Your goal >> Exercise in exact copying: restate word for word only the lines below from the one containing "You should subscribe" through the one containing "Three backgrounds are", omitting any pictures.

Data >>
Start of Block

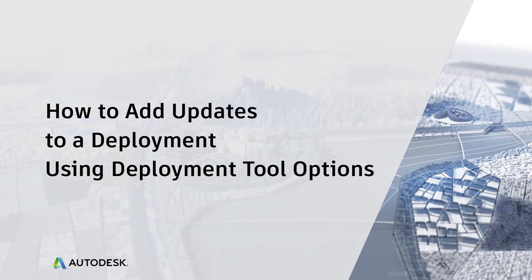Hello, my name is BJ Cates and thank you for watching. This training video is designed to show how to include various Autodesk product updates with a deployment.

End of Block
Start of Block

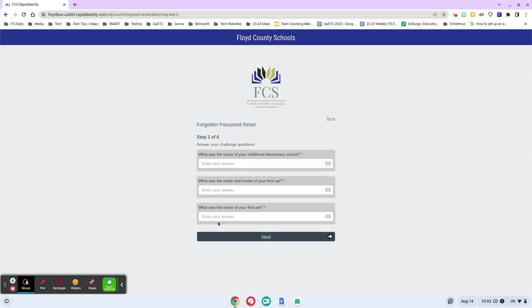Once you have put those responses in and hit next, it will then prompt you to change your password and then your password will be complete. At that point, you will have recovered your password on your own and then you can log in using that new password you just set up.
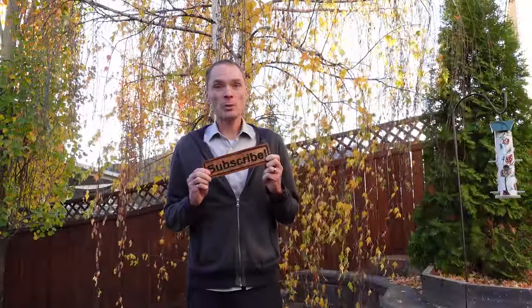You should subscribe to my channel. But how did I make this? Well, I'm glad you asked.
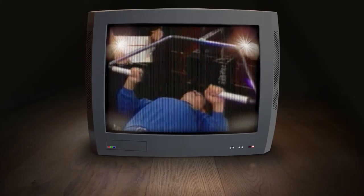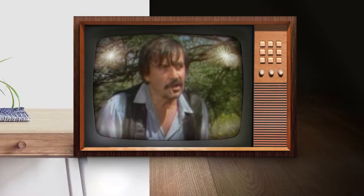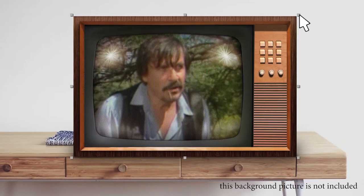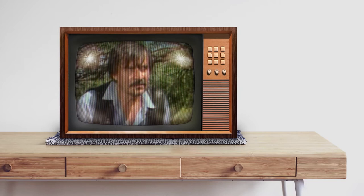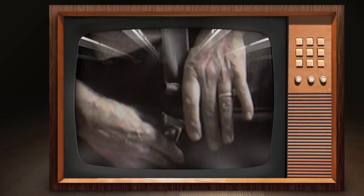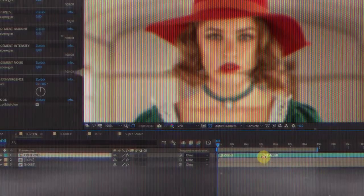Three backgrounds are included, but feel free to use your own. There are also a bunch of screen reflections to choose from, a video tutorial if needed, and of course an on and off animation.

End of Block

Response to this exercise >>
You should subscribe to my channel. But how did I make this? Well, I'm glad you asked.
Three backgrounds are included, but feel free to use your own. There are also a bunch of screen reflections to choose from, a video tutorial if needed, and of course an on and off animation.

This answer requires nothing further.